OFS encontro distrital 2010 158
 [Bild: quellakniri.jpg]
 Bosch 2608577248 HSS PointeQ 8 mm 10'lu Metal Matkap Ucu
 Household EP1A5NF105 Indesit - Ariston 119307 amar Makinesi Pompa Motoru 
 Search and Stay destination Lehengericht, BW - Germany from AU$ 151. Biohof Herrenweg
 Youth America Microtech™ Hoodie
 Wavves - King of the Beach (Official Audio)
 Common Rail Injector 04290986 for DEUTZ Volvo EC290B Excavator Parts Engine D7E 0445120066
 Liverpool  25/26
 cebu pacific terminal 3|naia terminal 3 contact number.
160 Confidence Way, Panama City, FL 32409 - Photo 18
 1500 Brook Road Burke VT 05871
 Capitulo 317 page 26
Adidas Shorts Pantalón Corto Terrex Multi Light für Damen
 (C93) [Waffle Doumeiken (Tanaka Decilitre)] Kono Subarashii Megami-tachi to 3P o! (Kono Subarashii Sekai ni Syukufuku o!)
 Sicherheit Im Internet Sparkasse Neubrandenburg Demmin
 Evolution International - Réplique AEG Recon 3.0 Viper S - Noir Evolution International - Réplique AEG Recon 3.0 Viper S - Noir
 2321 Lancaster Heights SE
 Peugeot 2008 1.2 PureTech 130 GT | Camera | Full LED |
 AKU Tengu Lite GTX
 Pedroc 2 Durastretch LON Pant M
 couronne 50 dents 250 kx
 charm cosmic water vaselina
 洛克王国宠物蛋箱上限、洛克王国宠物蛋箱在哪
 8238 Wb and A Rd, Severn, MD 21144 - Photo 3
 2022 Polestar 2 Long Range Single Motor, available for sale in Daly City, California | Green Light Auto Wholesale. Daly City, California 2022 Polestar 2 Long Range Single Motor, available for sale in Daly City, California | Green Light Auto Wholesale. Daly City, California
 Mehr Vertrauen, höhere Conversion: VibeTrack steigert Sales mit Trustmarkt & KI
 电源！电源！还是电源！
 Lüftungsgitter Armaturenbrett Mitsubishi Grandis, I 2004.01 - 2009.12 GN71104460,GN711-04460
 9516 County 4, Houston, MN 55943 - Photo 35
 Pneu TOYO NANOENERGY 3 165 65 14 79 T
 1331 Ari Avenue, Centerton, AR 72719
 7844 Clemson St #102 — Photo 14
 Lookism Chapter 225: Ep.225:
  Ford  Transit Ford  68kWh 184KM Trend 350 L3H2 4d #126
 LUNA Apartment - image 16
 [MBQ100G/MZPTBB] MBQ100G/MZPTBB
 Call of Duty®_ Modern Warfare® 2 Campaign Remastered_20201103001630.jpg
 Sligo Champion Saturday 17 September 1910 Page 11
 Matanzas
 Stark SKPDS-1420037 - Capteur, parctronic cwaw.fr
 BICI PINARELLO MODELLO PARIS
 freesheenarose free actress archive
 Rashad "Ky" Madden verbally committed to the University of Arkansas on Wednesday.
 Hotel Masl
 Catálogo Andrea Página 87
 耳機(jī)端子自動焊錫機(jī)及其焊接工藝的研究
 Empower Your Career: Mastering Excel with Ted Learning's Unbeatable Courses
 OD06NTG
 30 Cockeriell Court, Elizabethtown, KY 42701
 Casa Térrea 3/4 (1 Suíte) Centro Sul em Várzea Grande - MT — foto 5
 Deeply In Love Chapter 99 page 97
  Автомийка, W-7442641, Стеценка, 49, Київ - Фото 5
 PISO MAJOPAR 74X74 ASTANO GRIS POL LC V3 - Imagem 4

◇ ◇ ◇ ◇ ◇ ◇ ◇

▶ Exercise directions
Reproduce the preceding records exactly and completely.

▶ Response to the task
OFS encontro distrital 2010 158
 [Bild: quellakniri.jpg]
 Bosch 2608577248 HSS PointeQ 8 mm 10'lu Metal Matkap Ucu
 Household EP1A5NF105 Indesit - Ariston 119307 amar Makinesi Pompa Motoru 
 Search and Stay destination Lehengericht, BW - Germany from AU$ 151. Biohof Herrenweg
 Youth America Microtech™ Hoodie
 Wavves - King of the Beach (Official Audio)
 Common Rail Injector 04290986 for DEUTZ Volvo EC290B Excavator Parts Engine D7E 0445120066
 Liverpool  25/26
 cebu pacific terminal 3|naia terminal 3 contact number.
160 Confidence Way, Panama City, FL 32409 - Photo 18
 1500 Brook Road Burke VT 05871
 Capitulo 317 page 26
Adidas Shorts Pantalón Corto Terrex Multi Light für Damen
 (C93) [Waffle Doumeiken (Tanaka Decilitre)] Kono Subarashii Megami-tachi to 3P o! (Kono Subarashii Sekai ni Syukufuku o!)
 Sicherheit Im Internet Sparkasse Neubrandenburg Demmin
 Evolution International - Réplique AEG Recon 3.0 Viper S - Noir Evolution International - Réplique AEG Recon 3.0 Viper S - Noir
 2321 Lancaster Heights SE
 Peugeot 2008 1.2 PureTech 130 GT | Camera | Full LED |
 AKU Tengu Lite GTX
 Pedroc 2 Durastretch LON Pant M
 couronne 50 dents 250 kx
 charm cosmic water vaselina
 洛克王国宠物蛋箱上限、洛克王国宠物蛋箱在哪
 8238 Wb and A Rd, Severn, MD 21144 - Photo 3
 2022 Polestar 2 Long Range Single Motor, available for sale in Daly City, California | Green Light Auto Wholesale. Daly City, California 2022 Polestar 2 Long Range Single Motor, available for sale in Daly City, California | Green Light Auto Wholesale. Daly City, California
 Mehr Vertrauen, höhere Conversion: VibeTrack steigert Sales mit Trustmarkt & KI
 电源！电源！还是电源！
 Lüftungsgitter Armaturenbrett Mitsubishi Grandis, I 2004.01 - 2009.12 GN71104460,GN711-04460
 9516 County 4, Houston, MN 55943 - Photo 35
 Pneu TOYO NANOENERGY 3 165 65 14 79 T
 1331 Ari Avenue, Centerton, AR 72719
 7844 Clemson St #102 — Photo 14
 Lookism Chapter 225: Ep.225:
  Ford  Transit Ford  68kWh 184KM Trend 350 L3H2 4d #126
 LUNA Apartment - image 16
 [MBQ100G/MZPTBB] MBQ100G/MZPTBB
 Call of Duty®_ Modern Warfare® 2 Campaign Remastered_20201103001630.jpg
 Sligo Champion Saturday 17 September 1910 Page 11
 Matanzas
 Stark SKPDS-1420037 - Capteur, parctronic cwaw.fr
 BICI PINARELLO MODELLO PARIS
 freesheenarose free actress archive
 Rashad "Ky" Madden verbally committed to the University of Arkansas on Wednesday.
 Hotel Masl
 Catálogo Andrea Página 87
 耳機(jī)端子自動焊錫機(jī)及其焊接工藝的研究
 Empower Your Career: Mastering Excel with Ted Learning's Unbeatable Courses
 OD06NTG
 30 Cockeriell Court, Elizabethtown, KY 42701
 Casa Térrea 3/4 (1 Suíte) Centro Sul em Várzea Grande - MT — foto 5
 Deeply In Love Chapter 99 page 97
  Автомийка, W-7442641, Стеценка, 49, Київ - Фото 5
 PISO MAJOPAR 74X74 ASTANO GRIS POL LC V3 - Imagem 4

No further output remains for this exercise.